*Task requirements*
Please return the data that follows precisely as written, but without the images.
***** Source material *****
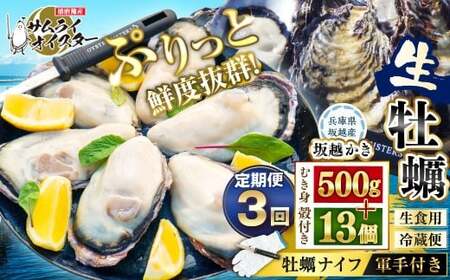 【3回定期便】 定期便 坂越かき むき身 約500g×1パック、殻付き 13個（牡蠣ナイフ・軍手付き） 牡蠣 カキ 海鮮 貝 【2027年1月上旬-2027年3月下旬発送予定】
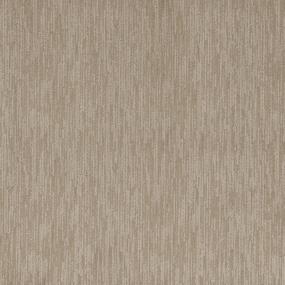 Pattern Image Beige/Tan Carpet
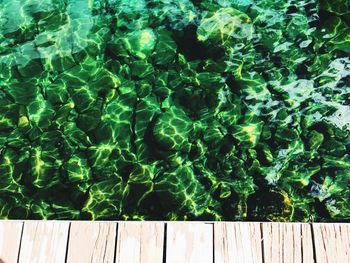 Full frame shot of swimming pool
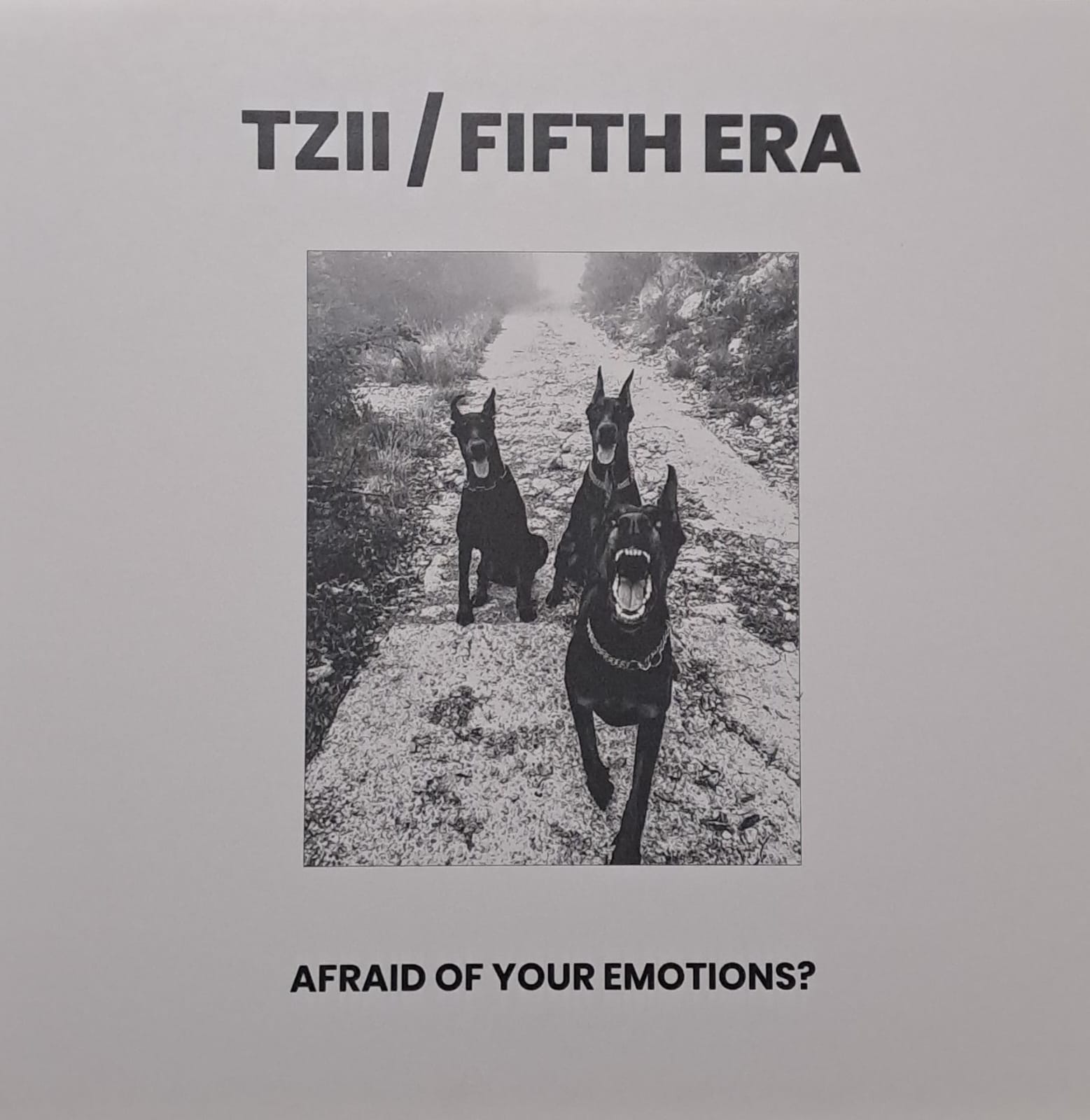 FNK BLK TZIIFTH - vinyle doomcore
*****
*Answer area*
 【3回定期便】 定期便 坂越かき むき身 約500g×1パック、殻付き 13個（牡蠣ナイフ・軍手付き） 牡蠣 カキ 海鮮 貝 【2027年1月上旬-2027年3月下旬発送予定】
 Pattern Image Beige/Tan Carpet
 Full frame shot of swimming pool
 FNK BLK TZIIFTH - vinyle doomcore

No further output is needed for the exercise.